## Source material

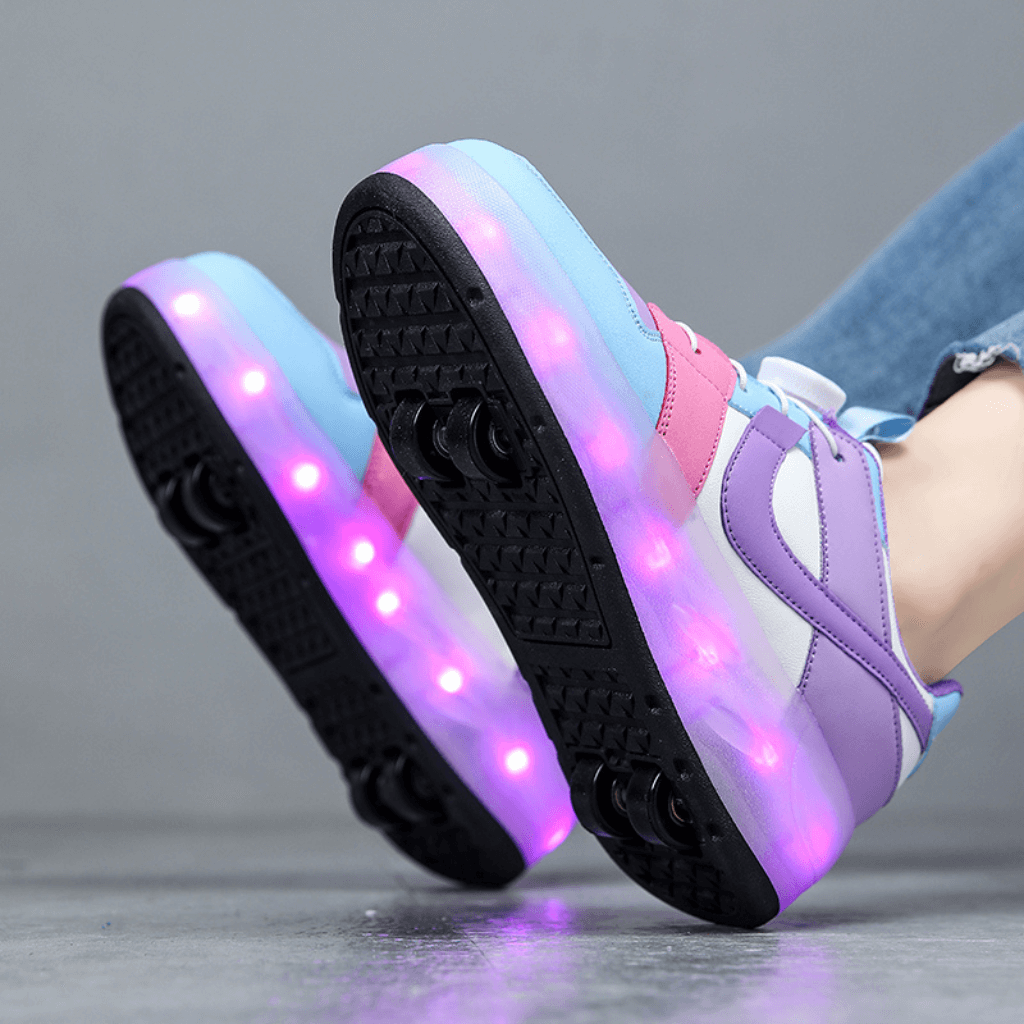 Underside of pink Kick Air LOW Heel Wheel Roller Shoes showing the front and rear wheel positions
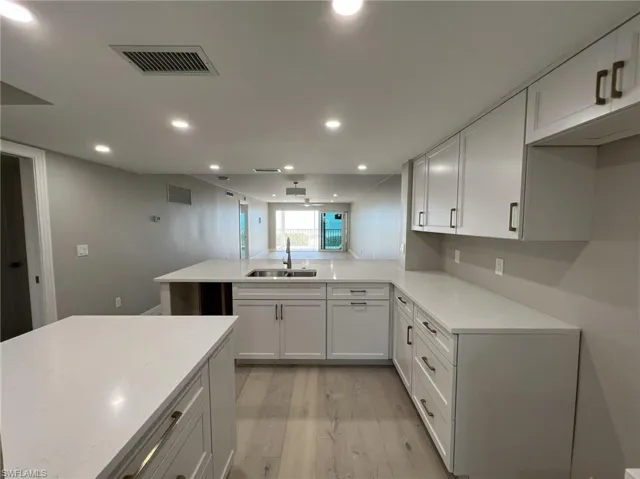 Kitchen with a sink, visible vents, light wood finished floors, and light countertops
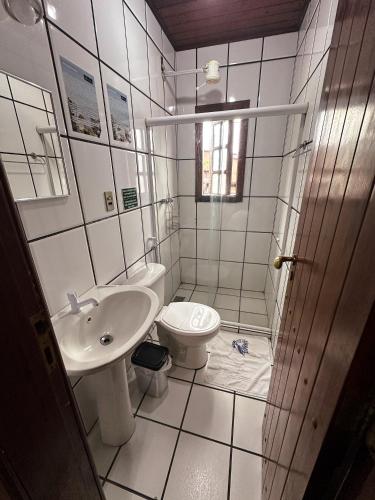 a white bathroom with a sink and a toilet at Pousada Sanhaço in Abraão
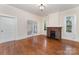 Bright living room with hardwood floors and fireplace, perfect for relaxation and entertaining at 6206 Hunter Ave, Charlotte, NC 28262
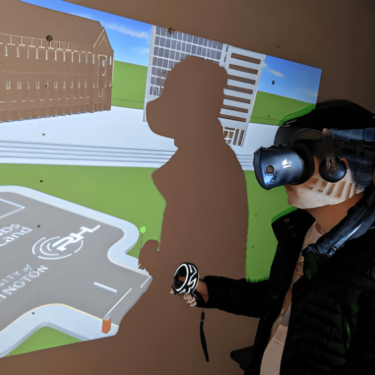 Person stands with VR goggles on and there is a projected screen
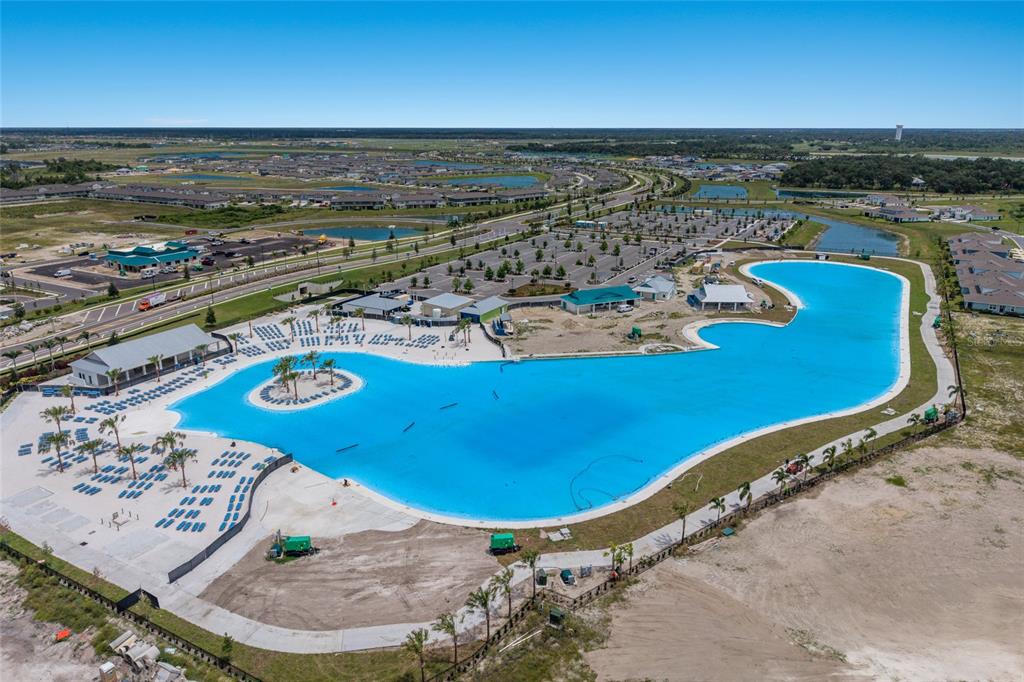An aerial view of a large, bright blue man-made swimming lagoon surrounded by lounge chairs — 8924 DEEP HORIZON LOOP, PARRISH, FL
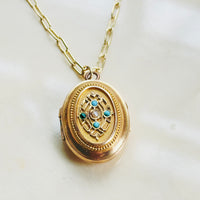 Antique gold locket necklace with floral motif and beaded border detail, hipV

## Exercise goal
Your copy of the data above should match it exactly, apart from the images.

## Solution for this problem
 Underside of pink Kick Air LOW Heel Wheel Roller Shoes showing the front and rear wheel positions
 Kitchen with a sink, visible vents, light wood finished floors, and light countertops
 a white bathroom with a sink and a toilet at Pousada Sanhaço in Abraão
 Bright living room with hardwood floors and fireplace, perfect for relaxation and entertaining at 6206 Hunter Ave, Charlotte, NC 28262
 Person stands with VR goggles on and there is a projected screen
An aerial view of a large, bright blue man-made swimming lagoon surrounded by lounge chairs — 8924 DEEP HORIZON LOOP, PARRISH, FL
 Antique gold locket necklace with floral motif and beaded border detail, hipV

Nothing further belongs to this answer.